One end of the copper pipe is then connected to the negative battery terminal with a soldered wire.
The two toggle switches mean that the light and the buzzer can be independently switched on/off i.e if someone touches the copper pipe with the handle/hook then the buzzer will sound only, the led will light only, both will buzz and light or nothing will come on at all.
Once the wiring was complete, I drilled a hole through the wooden base and brought the black lead that attaches to the copper pipe up through it. I also drilled a hole into the black box and pulled the wire through the bottom of this and then screwed the black box to the wooden base to secure it. The breadboard was then stuck to the inside of the box using its self adhesive tape and the battery box was secured inside using a doublesided tape pad.
Two holes were also drilled into the lid of the black box and the toggle switches were pushed through and secured using their nuts. Another small hole was made for the piezo buzzer wires to pass through the lid inside the box and one more hole for the legs of the large LED to pass through. The buzzer and LED were then hot glued into place and the wires were attcahed to the undserside of the lid. The lid could then be closed and secured using its four screws.
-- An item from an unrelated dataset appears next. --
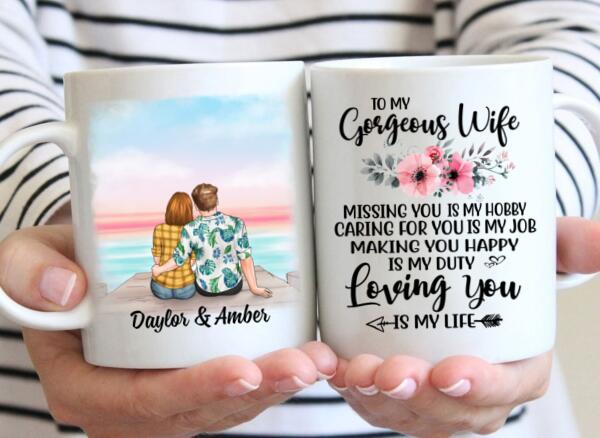 To My Gorgeous Wife Loving You Is My Life - Personalized Mug For Couples, Her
The handle was made by cutting an old broom handle down to about 5 inches length and drilling a hole through the middle at both ends. I then took a wooden coat hanger, and removed its hook and soldered a cable to this which then passed through the hole in the handle and attached to the project components box and breadboard. I used a small amount of hot glue to help hold the wire securely in the handle. Crude but it works.
Total project time around 2 hours. I made use of some parts from the College but if you had to buy everything from scratch it would only cost around £30 in total. The final size was about 1m wide (0.75m for the actual pipe part) and about 0.5m tall.